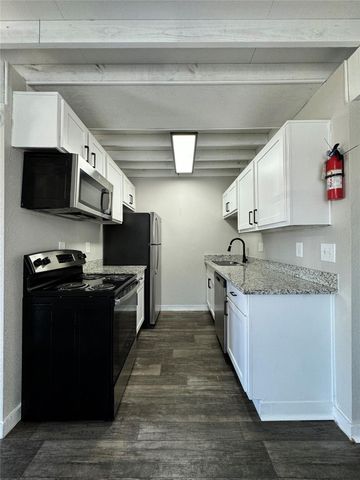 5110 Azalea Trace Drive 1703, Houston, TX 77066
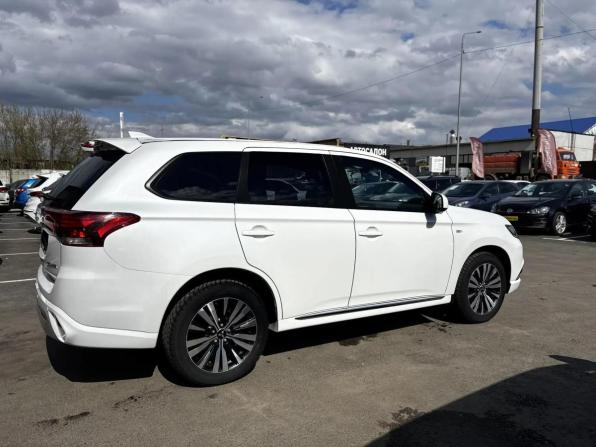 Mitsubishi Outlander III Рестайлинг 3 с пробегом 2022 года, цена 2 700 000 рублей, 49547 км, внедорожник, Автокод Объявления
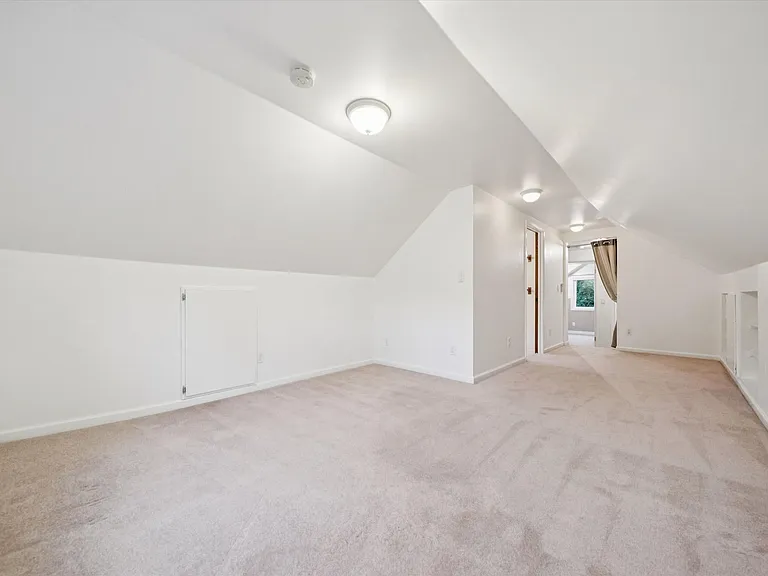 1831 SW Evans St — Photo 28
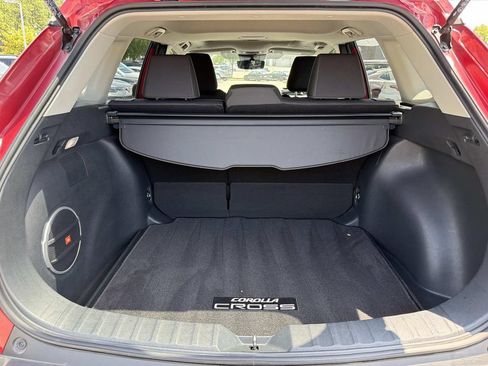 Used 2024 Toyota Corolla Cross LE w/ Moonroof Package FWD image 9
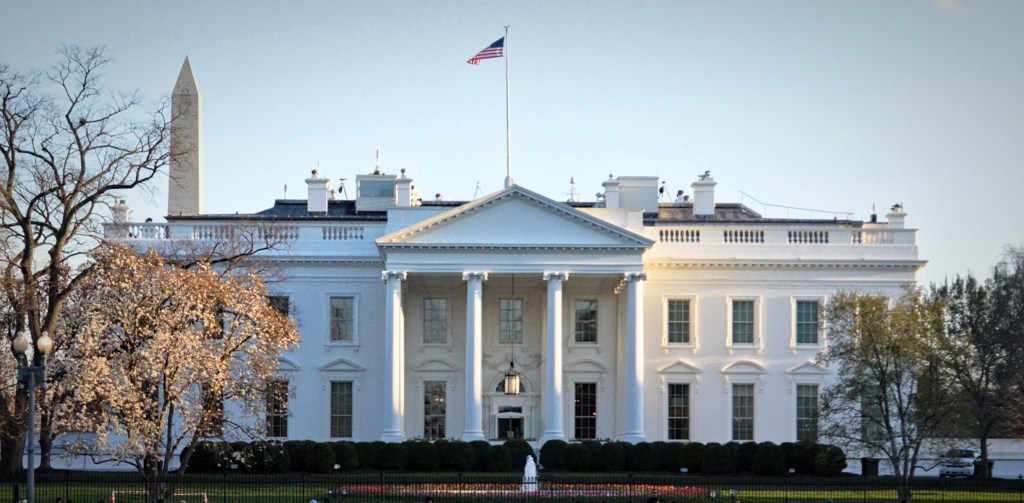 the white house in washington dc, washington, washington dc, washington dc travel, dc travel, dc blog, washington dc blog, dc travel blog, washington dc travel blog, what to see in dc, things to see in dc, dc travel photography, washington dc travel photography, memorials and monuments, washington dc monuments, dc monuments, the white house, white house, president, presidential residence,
------------------------------------------------------------
• WORK REQUIRED
Only the lines from the one containing "Mitsubishi Outlander III" through the end of the data above are to be output, exactly and without pictures.

• SOLUTION
 Mitsubishi Outlander III Рестайлинг 3 с пробегом 2022 года, цена 2 700 000 рублей, 49547 км, внедорожник, Автокод Объявления
 1831 SW Evans St — Photo 28
 Used 2024 Toyota Corolla Cross LE w/ Moonroof Package FWD image 9
 the white house in washington dc, washington, washington dc, washington dc travel, dc travel, dc blog, washington dc blog, dc travel blog, washington dc travel blog, what to see in dc, things to see in dc, dc travel photography, washington dc travel photography, memorials and monuments, washington dc monuments, dc monuments, the white house, white house, president, presidential residence,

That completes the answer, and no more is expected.